◆ About this exercise ◆
When you copy the data, keep every word exactly as it is and leave the pictures out.

◆ Collected material ◆
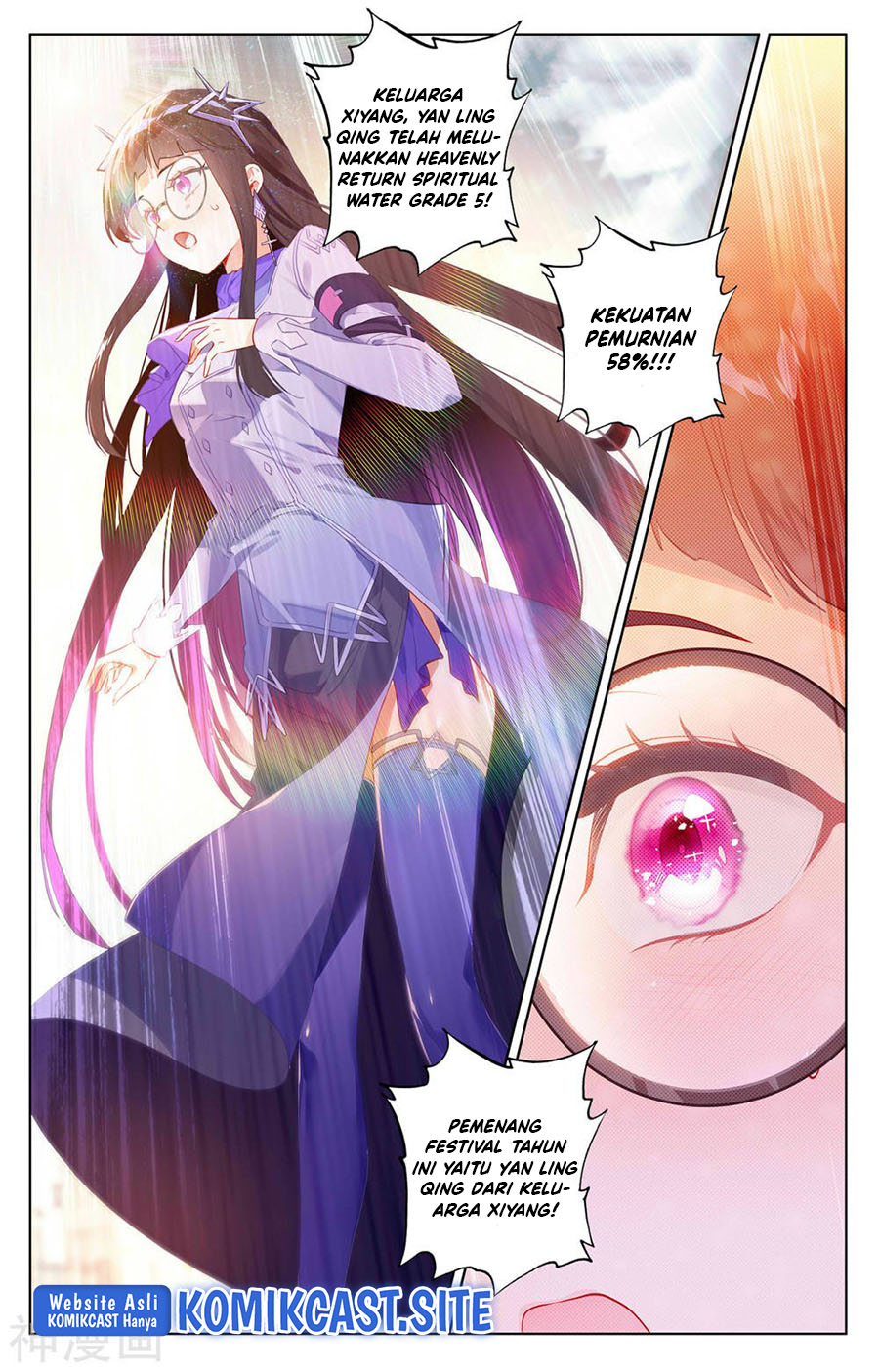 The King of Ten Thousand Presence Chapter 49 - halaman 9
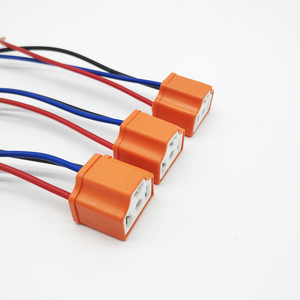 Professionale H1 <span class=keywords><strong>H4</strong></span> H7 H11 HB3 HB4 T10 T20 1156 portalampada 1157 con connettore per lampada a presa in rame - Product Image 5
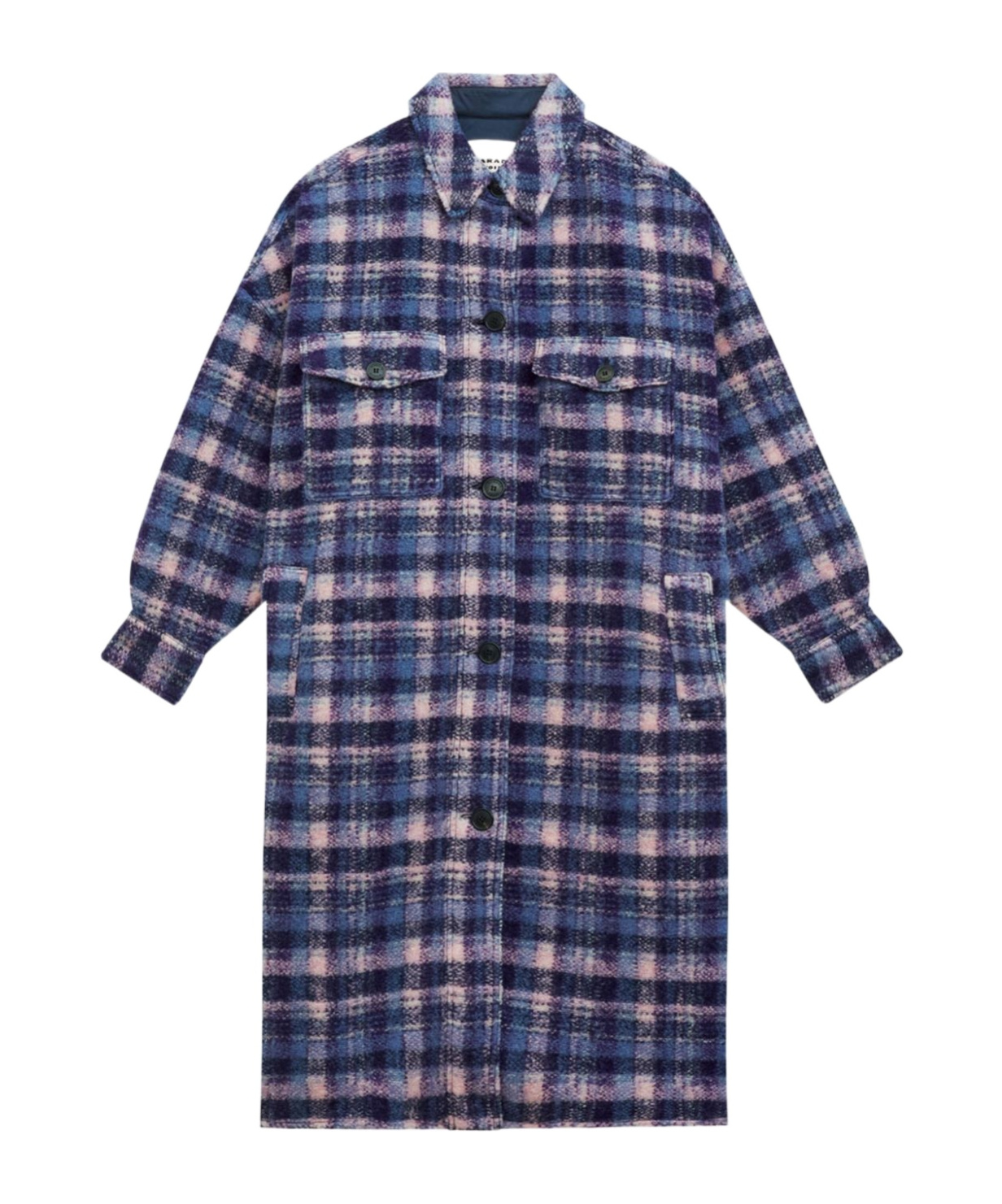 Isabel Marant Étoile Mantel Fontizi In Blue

◆ Answer box ◆
 The King of Ten Thousand Presence Chapter 49 - halaman 9
 Professionale H1 <span class=keywords><strong>H4</strong></span> H7 H11 HB3 HB4 T10 T20 1156 portalampada 1157 con connettore per lampada a presa in rame - Product Image 5
 Isabel Marant Étoile Mantel Fontizi In Blue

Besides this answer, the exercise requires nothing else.